Minggu, 14 September 2014

Nomadic Heart: Mengambil Hikmah dari Setiap Perjalanan


Judul: Nomadic Heart
Penulis: Ariy
Penerbit: B-First (imprint Bentang Pustaka)
Tahun Terbit: Cetakan Pertama, Februari 2013
Jumlah halaman: xiv + 174
ISBN: 978-602-8864-72-5

“Kau bisa meninggalkan masa lalu, berlari jauh darinya. Atau, kau bisa memasukkan masa lalumu ke dalam kotak besi baja, menguncinya, membuang kotak itu ke palung laut terdalam, dan melontarkan kuncinya ke belahan dunia lain. Tetapi, bisa apa kau pada masa lalu yang mengalir di pembuluh darahmu?”


Sepertinya saya salah membeli buku. Saya kira ini semacam novel travelling, gara-gara membaca blurb di belakang buku. Saya belum mengetahui informasi tentang buku ini, sampai seorang teman menawarkan buku-buku dengan diskon lumayan. Pilihan saya jatuh pada buku karena judulnya yang berbeda dengan buku-buku kebanyakan. Lalu, saya cari informasinya melalui twitter, dan ternyata hanya ada sedikit informasi. Bak membeli kucing dalam karung, buku ini pun jatuh ke tangan saya.

Setelah sampai di rumah, ternyata buku ini sejenis buku pengalaman travelling dari penulisnya yang juga baru saya kenal. Barangkali saya yang kurang pergaulan karena baru kenal. Sebenarnya, saya tidak terlalu suka membaca buku-buku traveling. Bahkan, saya punya buku pengalaman traveling yang ditulis oleh travel writer ternama, hasil dari hadiah lomba, yang hanya saya baca sekilas dan melompat-lompat. Baiklah, karena saya sedang haus membaca, saya paksakan membaca buku ini.

Oh, tidaaaak! Kali ini berbeda. Pengalaman traveling penulisnya ditulis dengan diksi memikat, tak sekadar seperti orang yang bercerita dengan bahasa ceplas-ceplos. Penulis juga mengambil hikmah dari setiap perjalanan yang dilaluinya, juga orang-orang yang bertemu dengannya. Saya pun sukses menghabiskan membaca buku ini dalam semalam, walau tak benar-benar semalam karena saya kan tidur juga.

“Dalam setiap perjalanan itu, kami memunguti pelajaran, baik antarkami para travelers maupun dari lingkungan yang kami datangi. Dunia itu sumber persoalan, tapi dari memulai menjelajahi setiap jengkal dunia, saya menemukan lebih banyak sumber-sumber kebaikan. Benar kata orang, traveling adalah persoalan proses dan bukan lagi melulu destinasi. Proses memperkaya hati.” (halaman xi)

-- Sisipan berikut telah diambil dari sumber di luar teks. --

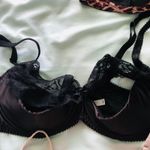 Adore Me Bralette 36D Photo 0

Ariy memulai ceritanya dari keputusannya resign (mengundurkan diri dari kantor). Sebelumnya ia bekerja sebagai jurnalis, tapi hatinya merasa tidak nyaman bekerja di bawah tekanan. Saat masih bekerja, kadang-kadang ia melakukan traveling dengan mengajukan cuti kantor. Akhirnya, ia memutuskan untuk benar-benar menjadi traveler. Bekerja hanya untuk mengumpulkan uang yang akan digunakannya untuk traveling.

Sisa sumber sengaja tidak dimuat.